Kansas State's Bill Snyder checked in at No. 3, behind only Alabama's Nick Saban and Ohio State's Urban Meyer.
"As long as Snyder roams the sidelines in Manhattan, regardless of how many starters Kansas State loses, never count out the Wildcats from the Big 12 title discussion," writes Steve Lassan.
Well said. That'll be put to the test this season. Only eight starters return from last year's Big 12 title team, more than only three teams in college football.
Oklahoma's Bob Stoops showed up at No. 7 on the list, just three spots ahead of TCU's Gary Patterson, at No. 10.
"The Kansas native had no FBS head coaching experience when he was promoted at TCU in 2000 but has eight seasons of 10 or more wins, including a 13-0 mark in 2010," Lassan notes.

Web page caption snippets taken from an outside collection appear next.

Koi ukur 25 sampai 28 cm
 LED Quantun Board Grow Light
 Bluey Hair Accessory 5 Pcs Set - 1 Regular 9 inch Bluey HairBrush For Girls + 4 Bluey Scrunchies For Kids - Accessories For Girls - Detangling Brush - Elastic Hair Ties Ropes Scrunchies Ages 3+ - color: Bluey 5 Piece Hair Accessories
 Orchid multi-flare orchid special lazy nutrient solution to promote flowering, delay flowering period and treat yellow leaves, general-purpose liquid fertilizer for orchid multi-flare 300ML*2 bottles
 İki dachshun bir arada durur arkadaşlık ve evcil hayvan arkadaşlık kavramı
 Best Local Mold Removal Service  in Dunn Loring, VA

You can't deny the growth Art Briles has developed at Baylor, and he's at No. 13 on the list after taking the Bears to three consecutive bowl games for the first time in school history. Things look like they're only getting better in Waco, too.
It's a little surprising to see him two spots ahead of Oklahoma State's Mike Gundy at No. 15, but you could make the case either way. Briles' job was infinitely harder than Gundy's, but you can't argue with Gundy's Big 12 title ring, the Pokes' first in about three decades.
Texas' Mack Brown is all the way down at No. 28. The past three seasons have taken their toll on his national reputation, no doubt. It's been quite a slide for the Longhorns.
"The Longhorns have the talent to win the Big 12 title in 2013. If Texas fails to surpass its 2012 win total (nine), there will be plenty of calls for a coaching change in Austin," Lassan writes.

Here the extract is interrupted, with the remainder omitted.